- Alfa Antiterror box art
- Developer: MiST Land South
- Publishers: GFI/Russobit-M, Russia
- Platform: Windows
- Release: January 20, 2005
- Genre: Strategy
- Modes: Single-player, multiplayer

= Alfa: Antiterror =

2005 video game

Alfa: Antiterror (Альфа: Антитеррор) is a strategy video game created by Russian developer MiST Land South and published by Game Factory Interactive in Russia on January 20, 2005. In the same year, the North American company Strategy First published the game as well. The story of the game follows the Russian Alpha Group in the Soviet period. The player guides the actions of an elite squad to fight terrorism. Many missions in the game are based on historical events.

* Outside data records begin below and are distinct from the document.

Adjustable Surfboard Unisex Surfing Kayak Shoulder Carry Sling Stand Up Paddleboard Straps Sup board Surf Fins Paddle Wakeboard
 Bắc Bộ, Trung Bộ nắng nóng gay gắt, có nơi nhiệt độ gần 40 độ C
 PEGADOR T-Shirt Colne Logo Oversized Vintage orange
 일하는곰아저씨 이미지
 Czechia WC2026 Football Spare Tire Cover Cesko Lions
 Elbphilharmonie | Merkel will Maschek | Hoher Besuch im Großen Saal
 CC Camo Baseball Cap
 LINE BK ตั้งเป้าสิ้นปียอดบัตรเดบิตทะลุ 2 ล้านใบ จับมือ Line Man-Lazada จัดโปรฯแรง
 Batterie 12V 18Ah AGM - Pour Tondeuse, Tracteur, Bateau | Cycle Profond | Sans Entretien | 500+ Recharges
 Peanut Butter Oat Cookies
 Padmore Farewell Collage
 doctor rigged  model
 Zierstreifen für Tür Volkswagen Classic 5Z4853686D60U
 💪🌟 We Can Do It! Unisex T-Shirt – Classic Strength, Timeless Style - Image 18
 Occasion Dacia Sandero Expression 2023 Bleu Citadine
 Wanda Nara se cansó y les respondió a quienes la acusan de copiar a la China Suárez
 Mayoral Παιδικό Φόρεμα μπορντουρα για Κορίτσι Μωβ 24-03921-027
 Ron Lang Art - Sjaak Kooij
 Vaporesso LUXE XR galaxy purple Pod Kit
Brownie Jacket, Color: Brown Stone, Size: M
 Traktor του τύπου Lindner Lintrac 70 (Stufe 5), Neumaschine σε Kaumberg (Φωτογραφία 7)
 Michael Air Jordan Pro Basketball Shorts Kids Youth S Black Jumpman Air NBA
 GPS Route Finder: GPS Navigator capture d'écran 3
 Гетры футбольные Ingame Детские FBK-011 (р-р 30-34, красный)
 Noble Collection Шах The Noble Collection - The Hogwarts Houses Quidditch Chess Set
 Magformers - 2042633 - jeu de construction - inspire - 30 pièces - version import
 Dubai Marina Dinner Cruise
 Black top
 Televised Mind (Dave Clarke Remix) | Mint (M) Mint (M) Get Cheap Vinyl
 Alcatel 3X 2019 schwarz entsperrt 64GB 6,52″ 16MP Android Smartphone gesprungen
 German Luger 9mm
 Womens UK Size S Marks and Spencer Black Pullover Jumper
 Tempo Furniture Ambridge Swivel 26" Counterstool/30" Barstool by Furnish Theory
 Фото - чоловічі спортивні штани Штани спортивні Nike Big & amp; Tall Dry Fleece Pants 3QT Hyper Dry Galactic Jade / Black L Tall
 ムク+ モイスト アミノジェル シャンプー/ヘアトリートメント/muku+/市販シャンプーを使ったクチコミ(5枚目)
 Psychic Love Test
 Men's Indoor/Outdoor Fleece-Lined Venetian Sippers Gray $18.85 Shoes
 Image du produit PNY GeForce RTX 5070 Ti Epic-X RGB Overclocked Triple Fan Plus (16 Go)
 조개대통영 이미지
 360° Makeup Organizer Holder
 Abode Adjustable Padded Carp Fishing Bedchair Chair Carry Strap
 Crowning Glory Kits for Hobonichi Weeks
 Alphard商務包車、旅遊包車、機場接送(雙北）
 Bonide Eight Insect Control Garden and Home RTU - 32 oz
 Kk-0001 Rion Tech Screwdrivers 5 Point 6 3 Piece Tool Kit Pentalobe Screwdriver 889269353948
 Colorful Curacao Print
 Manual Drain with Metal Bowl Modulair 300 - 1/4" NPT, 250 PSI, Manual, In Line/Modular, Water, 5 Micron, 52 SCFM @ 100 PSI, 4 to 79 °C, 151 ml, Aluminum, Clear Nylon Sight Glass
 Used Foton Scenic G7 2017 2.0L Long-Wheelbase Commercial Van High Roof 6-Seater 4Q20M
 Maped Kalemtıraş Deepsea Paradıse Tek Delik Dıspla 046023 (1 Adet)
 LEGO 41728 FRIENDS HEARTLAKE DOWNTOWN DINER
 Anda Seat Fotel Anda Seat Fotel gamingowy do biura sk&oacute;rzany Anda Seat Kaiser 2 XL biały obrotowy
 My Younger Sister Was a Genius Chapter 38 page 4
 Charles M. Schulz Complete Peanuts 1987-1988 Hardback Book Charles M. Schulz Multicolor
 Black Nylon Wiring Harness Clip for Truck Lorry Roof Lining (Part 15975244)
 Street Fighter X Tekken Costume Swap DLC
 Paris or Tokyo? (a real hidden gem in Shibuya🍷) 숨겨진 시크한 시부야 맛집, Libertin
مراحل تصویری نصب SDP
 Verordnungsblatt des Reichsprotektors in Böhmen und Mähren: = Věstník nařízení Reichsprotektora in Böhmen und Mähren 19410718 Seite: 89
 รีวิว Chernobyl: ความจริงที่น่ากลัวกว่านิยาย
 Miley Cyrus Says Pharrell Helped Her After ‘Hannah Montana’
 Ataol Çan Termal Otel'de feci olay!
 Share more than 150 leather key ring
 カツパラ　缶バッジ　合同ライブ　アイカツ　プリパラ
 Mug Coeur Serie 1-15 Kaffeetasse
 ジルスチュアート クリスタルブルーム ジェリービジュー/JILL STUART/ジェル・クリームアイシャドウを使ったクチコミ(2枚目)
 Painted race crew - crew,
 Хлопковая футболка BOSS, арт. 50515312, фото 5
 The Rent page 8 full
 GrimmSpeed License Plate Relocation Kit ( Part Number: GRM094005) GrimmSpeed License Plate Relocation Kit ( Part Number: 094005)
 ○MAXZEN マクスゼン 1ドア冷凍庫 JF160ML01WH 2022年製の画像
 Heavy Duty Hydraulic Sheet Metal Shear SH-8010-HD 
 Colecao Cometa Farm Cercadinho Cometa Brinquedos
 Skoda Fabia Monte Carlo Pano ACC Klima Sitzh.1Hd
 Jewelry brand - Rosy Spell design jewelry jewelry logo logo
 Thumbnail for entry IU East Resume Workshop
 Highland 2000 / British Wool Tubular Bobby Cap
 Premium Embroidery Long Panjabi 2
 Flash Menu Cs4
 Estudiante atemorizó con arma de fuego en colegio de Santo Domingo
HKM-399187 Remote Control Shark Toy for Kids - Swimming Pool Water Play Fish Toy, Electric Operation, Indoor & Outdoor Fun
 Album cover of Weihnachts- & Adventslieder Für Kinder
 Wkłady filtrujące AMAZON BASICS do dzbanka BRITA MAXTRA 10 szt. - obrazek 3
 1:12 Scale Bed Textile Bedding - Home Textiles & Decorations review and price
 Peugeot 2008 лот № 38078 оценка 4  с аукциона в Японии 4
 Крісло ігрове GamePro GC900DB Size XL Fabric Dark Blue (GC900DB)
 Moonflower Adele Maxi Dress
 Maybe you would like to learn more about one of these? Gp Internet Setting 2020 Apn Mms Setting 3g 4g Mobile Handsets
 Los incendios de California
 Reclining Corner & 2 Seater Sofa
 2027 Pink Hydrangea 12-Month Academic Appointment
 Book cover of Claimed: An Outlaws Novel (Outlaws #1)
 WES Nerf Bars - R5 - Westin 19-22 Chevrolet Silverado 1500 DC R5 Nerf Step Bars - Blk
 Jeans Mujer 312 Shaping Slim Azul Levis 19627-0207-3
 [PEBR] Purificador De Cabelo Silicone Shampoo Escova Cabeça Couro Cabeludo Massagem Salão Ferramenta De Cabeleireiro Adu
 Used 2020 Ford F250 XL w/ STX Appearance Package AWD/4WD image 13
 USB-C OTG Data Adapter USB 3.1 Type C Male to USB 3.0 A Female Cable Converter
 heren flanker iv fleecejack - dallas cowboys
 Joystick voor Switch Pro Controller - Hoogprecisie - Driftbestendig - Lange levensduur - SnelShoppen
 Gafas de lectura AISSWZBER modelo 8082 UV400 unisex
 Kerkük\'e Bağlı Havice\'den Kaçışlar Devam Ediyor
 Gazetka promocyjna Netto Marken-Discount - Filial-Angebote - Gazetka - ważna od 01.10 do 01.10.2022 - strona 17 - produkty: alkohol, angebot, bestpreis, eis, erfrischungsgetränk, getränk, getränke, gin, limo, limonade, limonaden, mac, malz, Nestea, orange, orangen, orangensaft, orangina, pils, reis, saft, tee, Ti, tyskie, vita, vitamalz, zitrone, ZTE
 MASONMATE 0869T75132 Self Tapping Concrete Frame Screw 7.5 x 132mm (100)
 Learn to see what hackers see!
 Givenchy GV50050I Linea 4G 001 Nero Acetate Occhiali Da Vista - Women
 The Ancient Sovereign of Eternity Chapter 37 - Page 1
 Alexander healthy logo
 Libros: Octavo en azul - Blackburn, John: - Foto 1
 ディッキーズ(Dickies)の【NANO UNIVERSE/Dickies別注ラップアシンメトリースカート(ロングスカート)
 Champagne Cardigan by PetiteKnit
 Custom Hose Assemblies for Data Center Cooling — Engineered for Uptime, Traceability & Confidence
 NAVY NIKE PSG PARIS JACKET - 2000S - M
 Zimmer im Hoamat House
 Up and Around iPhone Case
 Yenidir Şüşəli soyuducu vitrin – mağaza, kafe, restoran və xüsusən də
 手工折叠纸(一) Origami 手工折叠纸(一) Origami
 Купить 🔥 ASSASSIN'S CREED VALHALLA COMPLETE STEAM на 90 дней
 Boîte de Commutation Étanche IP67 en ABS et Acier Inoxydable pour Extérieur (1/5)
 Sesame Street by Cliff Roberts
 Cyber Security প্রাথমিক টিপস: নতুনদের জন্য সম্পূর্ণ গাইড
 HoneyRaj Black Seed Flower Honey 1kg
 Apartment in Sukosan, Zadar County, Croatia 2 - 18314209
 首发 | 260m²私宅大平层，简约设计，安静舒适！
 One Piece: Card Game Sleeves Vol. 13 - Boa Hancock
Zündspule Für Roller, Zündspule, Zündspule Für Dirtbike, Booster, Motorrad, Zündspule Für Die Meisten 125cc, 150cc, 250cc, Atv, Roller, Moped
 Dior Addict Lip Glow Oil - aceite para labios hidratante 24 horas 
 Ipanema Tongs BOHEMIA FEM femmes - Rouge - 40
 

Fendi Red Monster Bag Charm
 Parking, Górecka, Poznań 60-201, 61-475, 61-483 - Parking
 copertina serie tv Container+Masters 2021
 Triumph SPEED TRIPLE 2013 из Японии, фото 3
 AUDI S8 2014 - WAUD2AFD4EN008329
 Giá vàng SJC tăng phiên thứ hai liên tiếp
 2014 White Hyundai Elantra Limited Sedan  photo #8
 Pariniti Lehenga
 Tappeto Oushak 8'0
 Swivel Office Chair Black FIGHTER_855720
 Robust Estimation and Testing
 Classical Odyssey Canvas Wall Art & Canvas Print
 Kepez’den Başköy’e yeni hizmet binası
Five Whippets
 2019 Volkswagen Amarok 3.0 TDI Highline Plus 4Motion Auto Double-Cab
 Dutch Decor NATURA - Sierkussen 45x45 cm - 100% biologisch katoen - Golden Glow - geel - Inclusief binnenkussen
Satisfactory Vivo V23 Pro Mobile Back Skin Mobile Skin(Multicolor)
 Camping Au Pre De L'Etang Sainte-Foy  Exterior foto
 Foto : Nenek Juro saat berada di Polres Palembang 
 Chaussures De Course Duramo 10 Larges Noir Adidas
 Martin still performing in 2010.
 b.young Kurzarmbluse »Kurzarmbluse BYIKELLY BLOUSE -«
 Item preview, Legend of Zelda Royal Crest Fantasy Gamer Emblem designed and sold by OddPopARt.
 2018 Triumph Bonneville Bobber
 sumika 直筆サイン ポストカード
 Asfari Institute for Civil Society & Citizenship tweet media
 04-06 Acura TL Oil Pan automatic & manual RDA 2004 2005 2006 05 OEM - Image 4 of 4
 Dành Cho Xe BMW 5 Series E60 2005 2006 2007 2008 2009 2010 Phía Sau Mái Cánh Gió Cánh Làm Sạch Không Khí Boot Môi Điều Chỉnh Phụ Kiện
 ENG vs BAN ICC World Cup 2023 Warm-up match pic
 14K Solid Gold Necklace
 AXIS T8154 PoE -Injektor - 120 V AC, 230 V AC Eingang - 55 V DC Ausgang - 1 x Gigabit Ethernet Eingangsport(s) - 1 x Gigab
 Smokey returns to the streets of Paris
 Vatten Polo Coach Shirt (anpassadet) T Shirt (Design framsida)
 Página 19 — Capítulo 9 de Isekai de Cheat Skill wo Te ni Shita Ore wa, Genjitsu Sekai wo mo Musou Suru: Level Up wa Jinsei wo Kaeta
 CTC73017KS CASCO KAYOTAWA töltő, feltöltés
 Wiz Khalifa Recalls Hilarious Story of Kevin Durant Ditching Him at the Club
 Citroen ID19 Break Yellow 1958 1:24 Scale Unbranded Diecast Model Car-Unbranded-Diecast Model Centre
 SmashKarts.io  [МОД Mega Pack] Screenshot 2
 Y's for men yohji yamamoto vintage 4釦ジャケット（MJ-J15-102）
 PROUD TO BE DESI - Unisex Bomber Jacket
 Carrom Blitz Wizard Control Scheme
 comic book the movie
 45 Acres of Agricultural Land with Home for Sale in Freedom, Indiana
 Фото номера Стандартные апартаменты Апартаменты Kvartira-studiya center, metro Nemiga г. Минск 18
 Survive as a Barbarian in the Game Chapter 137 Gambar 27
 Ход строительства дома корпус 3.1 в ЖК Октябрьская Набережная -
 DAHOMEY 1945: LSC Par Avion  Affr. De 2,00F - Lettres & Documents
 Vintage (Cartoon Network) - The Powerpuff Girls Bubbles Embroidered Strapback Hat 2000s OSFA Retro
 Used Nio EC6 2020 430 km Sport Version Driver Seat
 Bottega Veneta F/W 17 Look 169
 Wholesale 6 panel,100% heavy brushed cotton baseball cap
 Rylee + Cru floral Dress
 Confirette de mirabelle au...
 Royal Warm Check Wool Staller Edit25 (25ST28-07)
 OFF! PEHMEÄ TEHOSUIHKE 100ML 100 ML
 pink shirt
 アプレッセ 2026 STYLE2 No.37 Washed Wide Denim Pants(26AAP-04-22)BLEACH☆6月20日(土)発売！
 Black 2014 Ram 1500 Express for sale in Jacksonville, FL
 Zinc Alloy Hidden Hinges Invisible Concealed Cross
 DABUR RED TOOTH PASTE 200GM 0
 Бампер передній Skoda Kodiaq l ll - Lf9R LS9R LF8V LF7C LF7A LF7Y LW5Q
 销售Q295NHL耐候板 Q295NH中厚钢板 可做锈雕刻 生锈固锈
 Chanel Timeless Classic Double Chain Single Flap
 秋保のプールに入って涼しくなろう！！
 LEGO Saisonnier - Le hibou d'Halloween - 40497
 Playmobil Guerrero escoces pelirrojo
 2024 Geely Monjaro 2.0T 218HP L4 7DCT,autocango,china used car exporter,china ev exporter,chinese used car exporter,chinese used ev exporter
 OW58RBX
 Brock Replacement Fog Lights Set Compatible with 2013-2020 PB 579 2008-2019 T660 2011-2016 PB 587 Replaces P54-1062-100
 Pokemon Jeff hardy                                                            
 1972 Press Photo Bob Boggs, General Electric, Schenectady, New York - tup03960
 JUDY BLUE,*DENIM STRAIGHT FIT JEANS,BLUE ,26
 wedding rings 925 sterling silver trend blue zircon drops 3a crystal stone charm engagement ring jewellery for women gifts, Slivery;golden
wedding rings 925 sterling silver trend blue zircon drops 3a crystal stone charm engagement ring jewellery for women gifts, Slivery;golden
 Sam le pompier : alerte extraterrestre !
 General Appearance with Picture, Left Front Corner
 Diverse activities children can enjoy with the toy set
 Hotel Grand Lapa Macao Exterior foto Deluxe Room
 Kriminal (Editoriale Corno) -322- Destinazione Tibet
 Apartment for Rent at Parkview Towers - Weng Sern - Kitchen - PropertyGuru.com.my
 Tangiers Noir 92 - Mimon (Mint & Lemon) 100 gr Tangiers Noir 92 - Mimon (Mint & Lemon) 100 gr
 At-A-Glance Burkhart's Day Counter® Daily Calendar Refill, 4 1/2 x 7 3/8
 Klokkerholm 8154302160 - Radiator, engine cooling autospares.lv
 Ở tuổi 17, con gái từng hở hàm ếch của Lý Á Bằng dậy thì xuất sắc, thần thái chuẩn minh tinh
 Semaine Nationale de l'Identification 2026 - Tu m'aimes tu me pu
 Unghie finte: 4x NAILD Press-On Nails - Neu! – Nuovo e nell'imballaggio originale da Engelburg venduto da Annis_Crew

A standalone expansion pack "Alfa: Anti-Terror - Men's Work" was released the same year, with a new campaign called "White Collar" focused entirely on the second Chechen War instead of the base game's varied conflicts. The English version of the game is actually Men's Work with only the White Collar campaign, expanded multiplayer and mid-mission saves and is lacking the base game's campaign.

== Gameplay ==
Alfa: Antiterror is a turn-based combat simulator.

The missions in the original game cover Russian history from 1984 to 1991. Examples of missions include rescuing Russian prisoners of war in Afghanistan and battling rebels in the Chechnya. The player controls 16 Alpha Group commandos. The game has a multiplayer component that allows players to battle both as against Western units such as Delta Force, GSG 9, and Special Air Service. Multiplayer mode can accommodate up to eight players.

== Reception ==
IGN and GameSpot both favorably compared the game to the XCOM and Jagged Alliance series. They also praised the game for its graphics and for the expansive environments in which missions take place.